Indeed it can be said that religion is the cause of much opression, if you say it causes it because that prejudice and anger are taught and practiced along with that religion. But that is only a proximate cause. What caused the hatred and discrimination to be there in the first place? Is it inherent to religion?

It could be, if the religions of the world were handed down by one true God. But that is unlikely. All the evidence points to religion as a human invention. That implies that it is not religion that causes hatred, or bigotry. It is us. Religion is simply used as a tool to justify the hatred that already exists inside us, and to pass it down from one generation to the next.

I wish that in times where we see such arguments between theists and atheists that people would remember the words of Joseph Campbell. Campbell looked at the world of mythology and religion as artifacts of deep psychological metaphor, not as facts to be taken seriously. It is when we take gods, demons and holy texts as fact, Campbell says, that we go astray and commit the atrocities that are commited today in the name of God.

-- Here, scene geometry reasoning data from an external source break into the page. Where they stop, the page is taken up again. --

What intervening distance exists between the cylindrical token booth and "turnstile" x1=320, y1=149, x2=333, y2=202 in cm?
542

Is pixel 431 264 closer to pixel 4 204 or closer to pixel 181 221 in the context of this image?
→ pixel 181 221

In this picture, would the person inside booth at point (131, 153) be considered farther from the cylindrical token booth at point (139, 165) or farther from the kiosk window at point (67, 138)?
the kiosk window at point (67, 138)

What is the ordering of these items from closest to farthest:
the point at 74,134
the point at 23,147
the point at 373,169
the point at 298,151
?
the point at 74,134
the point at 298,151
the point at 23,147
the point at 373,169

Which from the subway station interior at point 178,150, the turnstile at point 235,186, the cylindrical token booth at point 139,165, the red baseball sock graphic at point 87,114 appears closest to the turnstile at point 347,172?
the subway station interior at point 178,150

When we take them in context—in metaphor—religion and spirituality become powerful tools capable of much good.

I believe it is good that Dawkins and others are writing books on this subject, although I do fear this trend becoming an attack on religion instead of a call to critical thought. But perhaps that is necessary. The current religious systems of the world require severe reform for them to serve their true purpose. The term "spirituality" needs to be taken out of the realm of the supernatural and into the psychological. The concept needs to be freed from the bonds of tribal law and prejudice and allowed to enter the inner realm of the psyche. But why bother, you ask? What does spirituality have to offer anyway if it can't cure cancer? I think, yet again, the words of Joseph Campbell hold the key:

Furthermore, we have not even to risk the adventure alone, for the heroes of all time have gone before us. The labyrinth is thoroughly known. We have only to follow the thread of the hero path, and where we had thought to find an abomination, we shall find a god. And where we had thought to slay another, we shal slay ourselves. Where we had thought to travel outward, we will come to the center of our own existence. And where we had thought to be alone, we will be with all the world.